The kids asked questions that really signified the battle they face. Many raised issues about the lack of financial and emotional resources in their lives, the lack of family support, and even a lack of school support. These are strong functions of our society that are failing our kids, and it is definitely heart breaking. Their frustrations were clear, and it was our job as role models to motivate and inspire them. No success story is without its challenges and sacrifices. The fight must continue for a bright future in the midst of darkness.
After a great morning with more than 100 children, I hit the courts with our newest sister school, Garki Government Junior Secondary School. Getting anything done in Nigeria is not without its challenges and setbacks. Many times I just want to scream, and I do (though not in front of the kids).
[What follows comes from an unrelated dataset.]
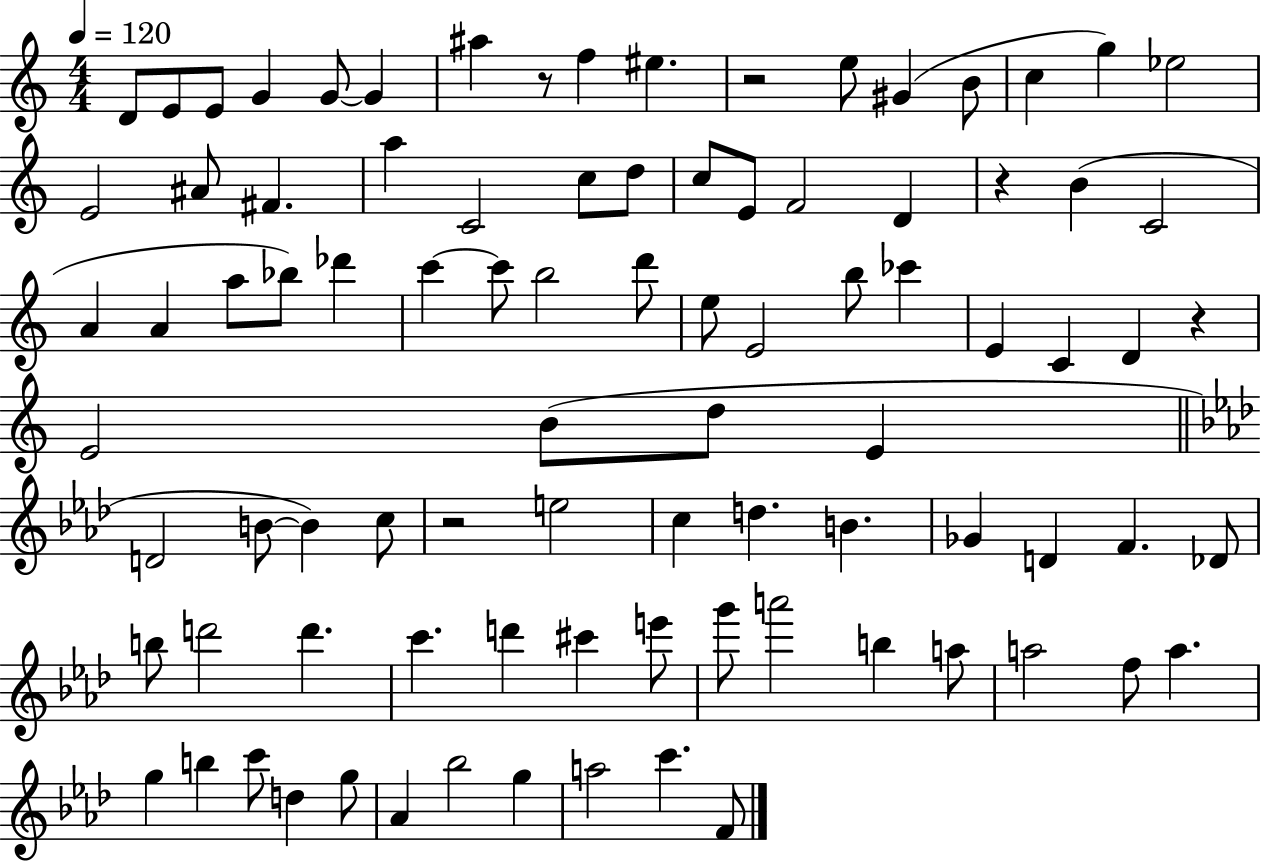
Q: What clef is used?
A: treble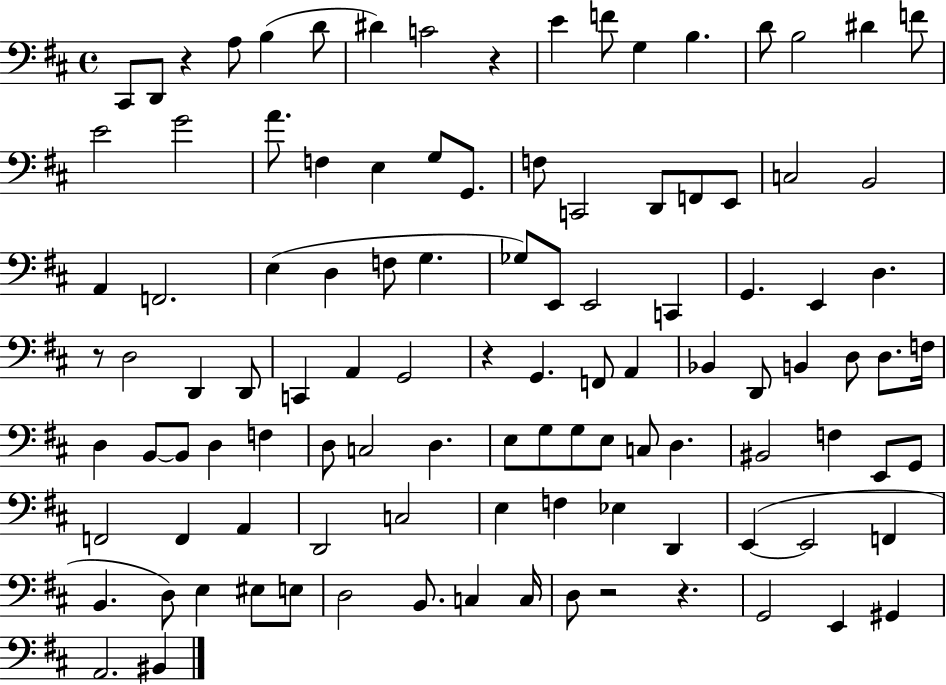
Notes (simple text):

C#2/e D2/e R/q A3/e B3/q D4/e D#4/q C4/h R/q E4/q F4/e G3/q B3/q. D4/e B3/h D#4/q F4/e E4/h G4/h A4/e. F3/q E3/q G3/e G2/e. F3/e C2/h D2/e F2/e E2/e C3/h B2/h A2/q F2/h. E3/q D3/q F3/e G3/q. Gb3/e E2/e E2/h C2/q G2/q. E2/q D3/q. R/e D3/h D2/q D2/e C2/q A2/q G2/h R/q G2/q. F2/e A2/q Bb2/q D2/e B2/q D3/e D3/e. F3/s D3/q B2/e B2/e D3/q F3/q D3/e C3/h D3/q. E3/e G3/e G3/e E3/e C3/e D3/q. BIS2/h F3/q E2/e G2/e F2/h F2/q A2/q D2/h C3/h E3/q F3/q Eb3/q D2/q E2/q E2/h F2/q B2/q. D3/e E3/q EIS3/e E3/e D3/h B2/e. C3/q C3/s D3/e R/h R/q. G2/h E2/q G#2/q A2/h. BIS2/q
Our letter of approval from the government came barely three days before our event, after weeks of chasing it down. As a result, we were limited in how many girls we could invite, and how many schools could participate.
The tennis court we wanted to use at 1 p.m. was blocked off by soldiers, who told us we could not enter till 4 p.m. Not surprisingly, the girls would not be deterred. They stuck it out, and we had a great time. Their excitement and enthusiasm made it all worthwhile. And there's nothing like getting big thank you's and even bigger hugs. Thanks to Stella Ajike, who donated books to all the girls, and to coach Emmanuel Odah and the FCT Girls Club team that came to support the girls in their community. It's H4G for kids, 24-7-365!